図7に示すように、徐行回転数制御部42cは、変化率制限部51、フィルタ処理部52、データ取得部53、偏差制限部54、偏差取得部55、PID制御部56、オフセットトルク取得部57および加算部58を含む。
【0072】
変化率制限部51およびフィルタ処理部52は、回転数センサ22により検出されるモータ回転数からノイズを除去する。具体的には、変化率制限部51は、回転数センサ22により検出されるモータ回転数に対して変化率制限フィルタ処理を実行する。変化率制限フィルタ処理は、電気モータ6の実回転数の時系列データに対して時間変化率を所定の範囲内に制限する処理である。フィルタ処理部52は、変化率制限部51により変化率制限フィルタ処理が施されたデータに対して、ローパスフィルタ処理(高周波成分の除去処理)を実行する。
【0073】
図8は、
図7の変化率制限部51およびフィルタ処理部52による実回転数からのノイズ除去を説明するためのグラフである。
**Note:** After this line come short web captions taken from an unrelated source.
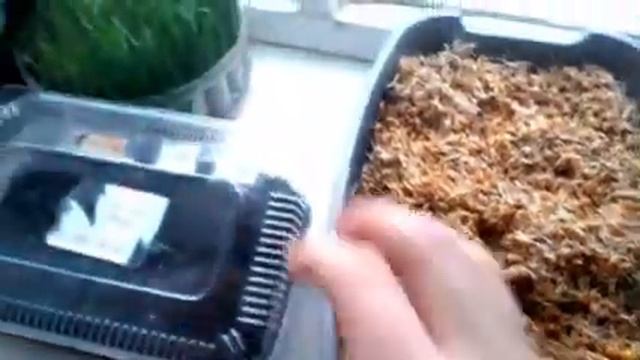 #проращивание_пшеницы/витамины для кур ?? (за два дня!!!)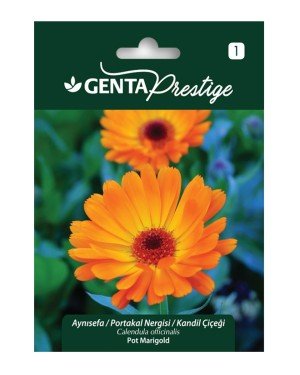 Genta - Aynısefa Portakal Nergisi - Kandil Çiçeği Tohumu 2,5gr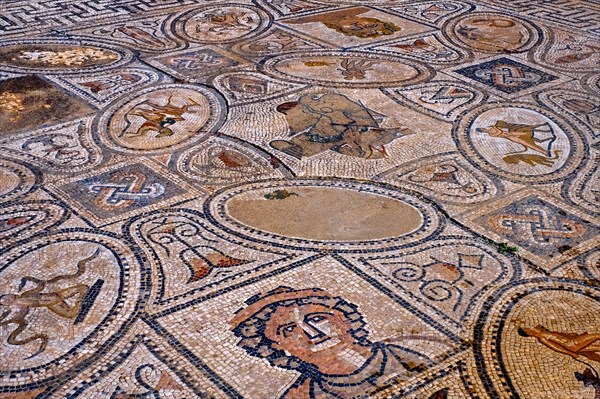 Roman mosaic from 2nd century AD at Volubilis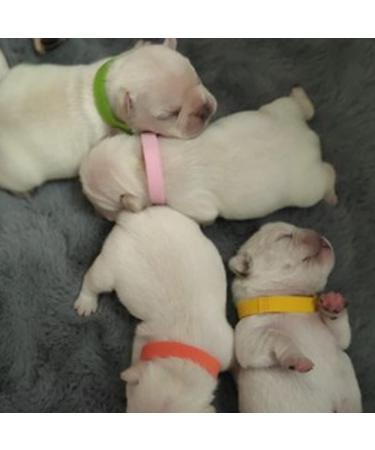 Smukdoo Puppy ID Collars 12PCS Assorted Colors Puppy Identification Collars Adjustable Puppy ID Bands for Pet - Buy Online on GoSupps.com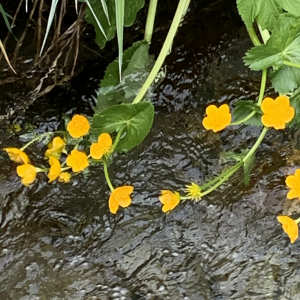 Photographie n°2529510 du taxon Caltha palustris L. [1753]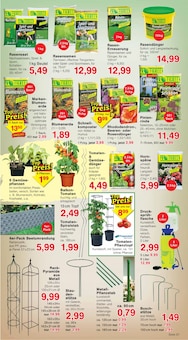 Blumentopf im aktuellen Jawoll Prospekt (Essen) Blumentopf im Jawoll Prospekt "Sonderposten-Märkte" mit 16 Seiten (Essen)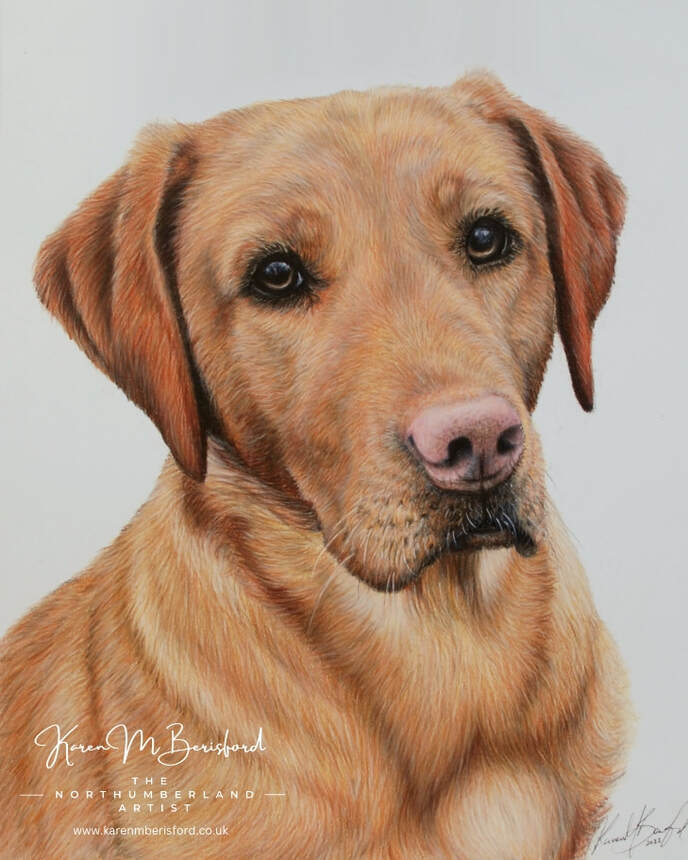 The completed coloured pencil drawing of a Red Fox Labrador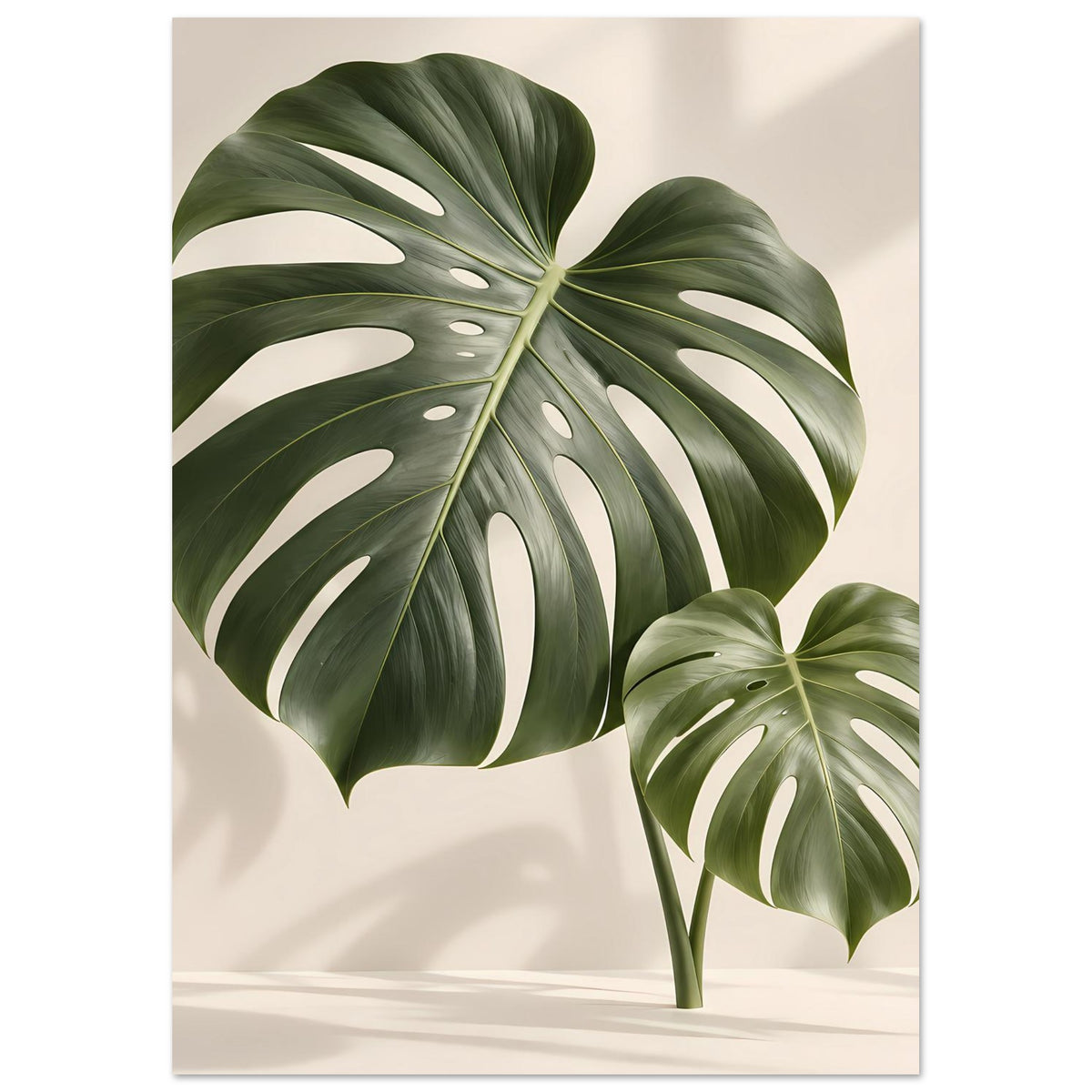 Botanisches Poster mit großen Monstera-Blättern, gedruckt als Detailansicht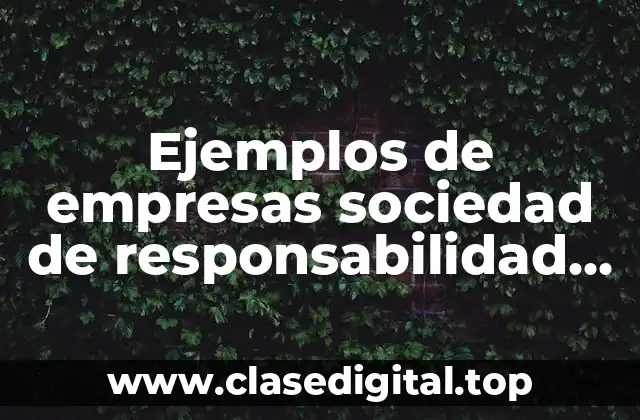 Ejemplos de empresas sociedad de responsabilidad limitada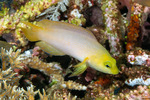 Pseudochrominae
図8において実線で示すグラフは、回転数センサ22の生データであり、回転数センサ22により検出される電気モータ6の実回転数の時間変化を示す。本例では、実回転数は、徐々に上昇し、その後ある回転数に維持されている。ある時間で実回転数に急峻な変化が生じている。このような実回転数の急峻な変化は、徐行回転数制御部42cの出力となる要求トルクTrの急峻な変化につながり、PID制御を行う前に除去されるのが望ましい。
【0074】
図8において破線で示すグラフは、回転数センサ22に検出される実回転数データに対してローパスフィルタ処理のみを施した結果である。破線のグラフと実線のグラフとを比較すると、ローパスフィルタ処理が施されることで、実線のグラフが平滑化されてノイズが除去されたデータが得られる。しかしながら、ローパスフィルタ処理のみで処理しようとすると、処理後のデータは、実線のグラフであるセンサデータに対して時間遅れが大きくなってしまう。
【0075】
図8において一点鎖線で示すグラフは、回転数センサ22に検出される実回転数データに対して、変化率制限フィルタ処理とローパスフィルタ処理とを施した結果である。回転数センサ22に検出される実回転数データに対して、まず変化率制限フィルタ処理を施すことでノイズの振幅を小さくし、さらにローパスフィルタ処理で平滑化する。ノイズの振幅を小さくしているため、ローパスフィルタ処理のみで処理する場合に比べて、フィルタ処理を過剰とすることを防ぐことができる。その結果、センサデータに対して時間遅れが大きくなってしまうことも防止できる。
【0076】
図7に戻って、データ取得部53は、目標回転数データを取得する。目標回転数データは、目標回転数を時間に伴ってどのように変化させるかに関するデータである。例えば目標回転数データは、予め設定された変化率α,βで目標回転数を制限回転数Mf_lim,Mr_limまで時間に伴って変化させ、目標回転数が制限回転数Mf_lim,Mr_limに到達した場合には、目標回転数を制限回転数Mf_lim,Mr_limに維持するように変化させるためのデータである。目標回転数データは、前述の(i),(ii),(iii)の各パラメータの設定値に関する情報を含む。コントローラ31のメモリには、複数の目標回転数データが記憶されており、データ取得部53は、車両状態情報および操作情報に基づき、複数の目標回転数データの中から1の目標回転数データを選択および取得する。
【0077】
偏差制限部54は、実回転数に応じて目標回転数の絶対値の上昇を制限する偏差制限処理を実行する。偏差制限処理は、電気モータ6の目標回転数と実回転数との偏差δが大きくなりすぎることを防止する処理である。偏差制限部54は、データ取得部53から目標回転数を取得し、変化率制限部51およびフィルタ処理部52によりノイズ除去した実回転数を取得する。偏差制限部54は、取得した目標回転数から、取得した実回転数を減算して得られる偏差が、所定の偏差制限値を上回らないように、目標回転数の変化を制限する。
【0078】
図9は、
図7の偏差制限部54による偏差制限処理を説明するためのグラフである。
図9において、横軸が時間を示し、縦軸が回転数を示す。
図9の実線で示したグラフは、偏差制限処理を実行した場合の目標回転数の時間変化であり、破線で示したグラフは、偏差制限処理を実行した場合の目標回転数の時間変化である。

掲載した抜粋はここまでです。